バレンタインデーに会えないのは、仕事が入っているせい。だったらその場に行ってしまえばいいじゃない。と。
例えばこれが、行くことによって彼の邪魔になったり迷惑になるようなものだったら絶対にしない。が、「ファン」であり、彼の仕事の「対象」であるならば何も問題はないはずである。
むしろ「ファン」である自分が現地にいないほうがおかしい。
レーサーとしての彼に対してもアコガレに似たような気持ちを抱いていたから、スリーは彼のそんな姿を見るのもとても楽しみだった。
ちょうどバレンタインなのだから、自分も彼の素敵な姿を見れるのは嬉しくて幸せだし、ちょうどいいと思った。
そして、自分と相対した時、彼はどんな顔をするのか、想像するのも楽しかった。
だから、そう――ほんの悪戯心、でも根元にはしっかり恋心が在ったのである。
楽しみでわくわくして浮かれていたから、スリーは以前ナインが言っていたことをすっかり忘れていた。
ファンの集いなるものがどういうイベントなのかということを。

気付いたのは、列がずいぶん進んでからだった。
それまでは、周囲をきょろきょろするのに忙しかったし、見るもの全てが初めてで楽しかったし、それにナインがどういう顔をするのか、どんな反応をするのか、想像するのに忙しかったのだ。

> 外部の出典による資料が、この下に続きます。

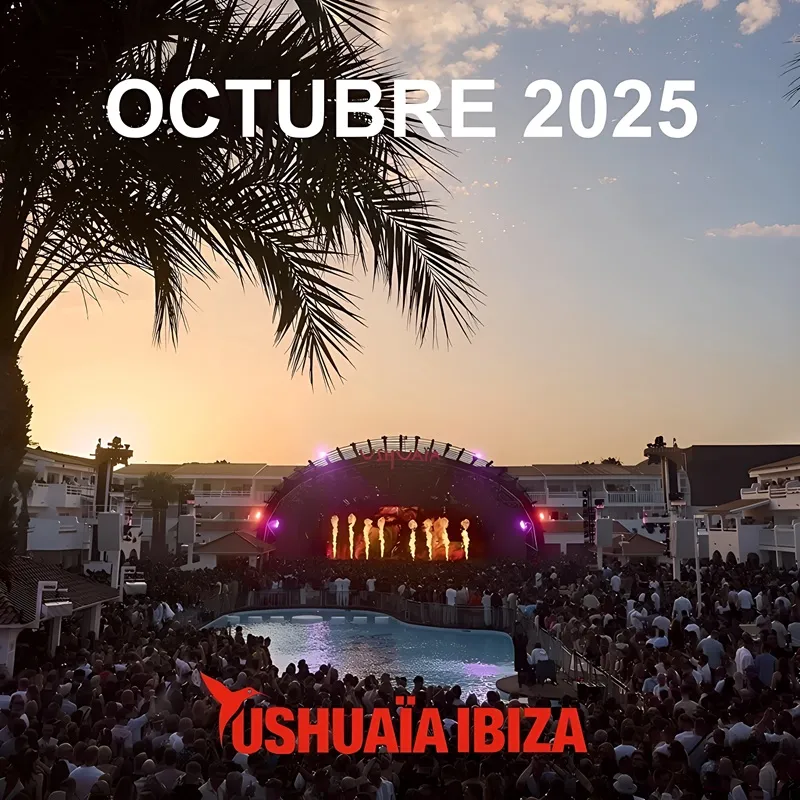 Fiestas Discoteca Ushuaia Ibiza, Octubre 2025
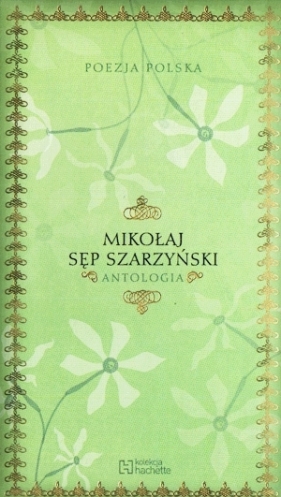 Poezja polska. Mikołaj Sęp Szarzyński. Antologia - Mikołaj Sęp-Szarzyński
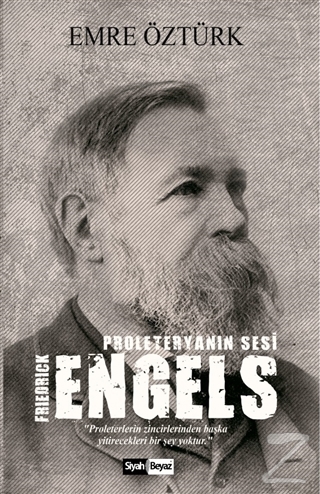 Proleteryanın Sesi - Friedrick Engels Emre Öztürk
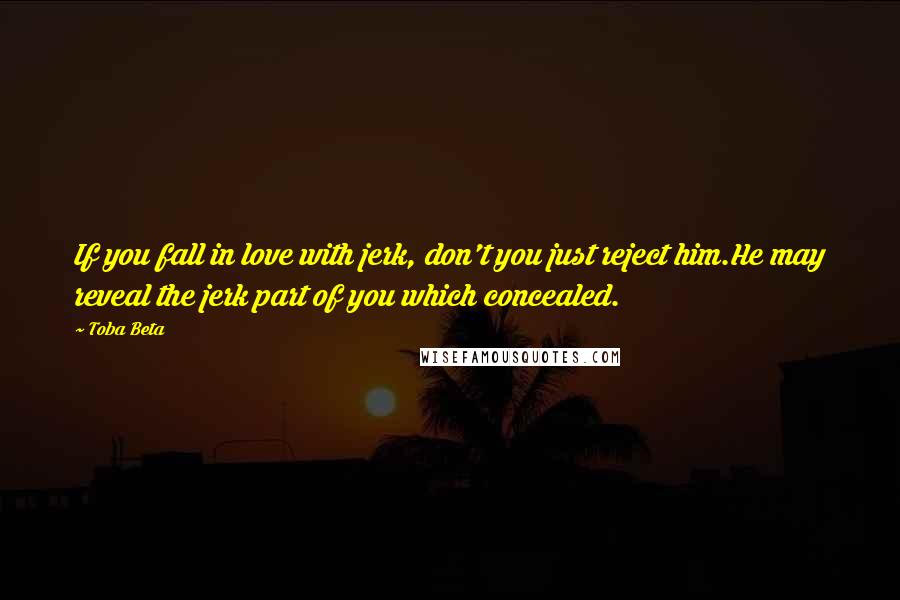 Toba Beta Quotes: If you fall in love with jerk, don't you just reject him.He may reveal the jerk part of you which concealed.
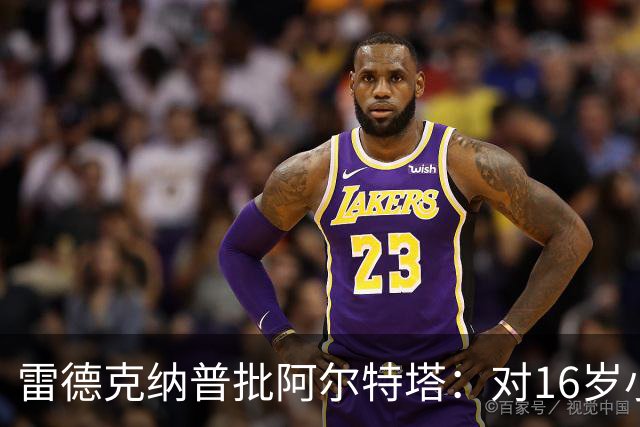 雷德克纳普批阿尔特塔：对16岁小将太凶了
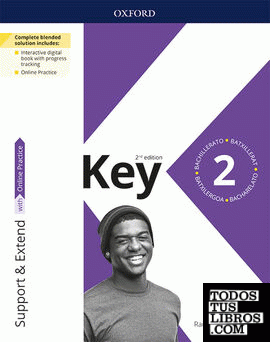 Key to Bachillerato 2. Support &Extend pack. 2 Edition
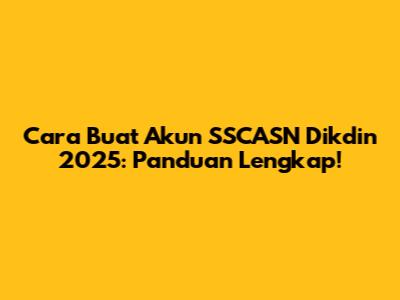 Cara Buat Akun SSCASN Dikdin 2025: Panduan Lengkap!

だから、しばらくしてそれらが自分のなかで消化され落ち着いた頃、やっと周りが目に入ったのである。
もうすぐだわ、あと・・・50人くらいかしら。
そんな感じで前方に目を遣り――ナインの姿が見えてきて。
仕事をしているナインを見てドキドキしたりして、何て言おうかしら何て言うかしらと思っていた時だった。
「・・・えっ?」
――なに、あれ。
小さく心のなかで言ったはずなのに、声に出ていたらしい。賑やかすぎる屋内だったけれど、そばにいた女の子にはしっかり聞こえていたらしい。
「あの、もしかして初めてですか?」
「えっ?ええ・・・」
髪をくるくるカールした可愛い女の子だった。
「ハリケーンジョーのファンの集いっていつもあんな感じなんですよ」
「・・・あんな感じ・・・?」
「最初は照れちゃうけど、でもレースでいろんな国に行ってる国際的なひとだから、こういうのもありかなってだんだん普通になってくるのよ」
「普通に?」
「だって、ほっぺにキスするくらい挨拶と同じでしょう?私たち日本人は慣れてないけど・・・あなたは大丈夫でしょう?」
蒼い瞳。どこからどう見ても外国人であるスリー。
「日本語が上手なのね。ね、どこでハリケーンジョーを知ったの?どこかの国?」
「・・・いいえ、日本です」
「じゃあ日本に住んでいるのね」
「ええ」
「日本グランプリとか行ったことある?」
「ええ」
「私も!じゃあ、どこかですれ違っていたかもしれないわね。――素敵よねぇ。ジョーって」
ジョー。
他の女の子が彼の名を呼ぶのを聞くのは、複雑な気分だった。
もちろん、ミッションでは誰もが彼をそう呼ぶけれど、「ナイン」のほうがそれでも圧倒的に多かったのだ。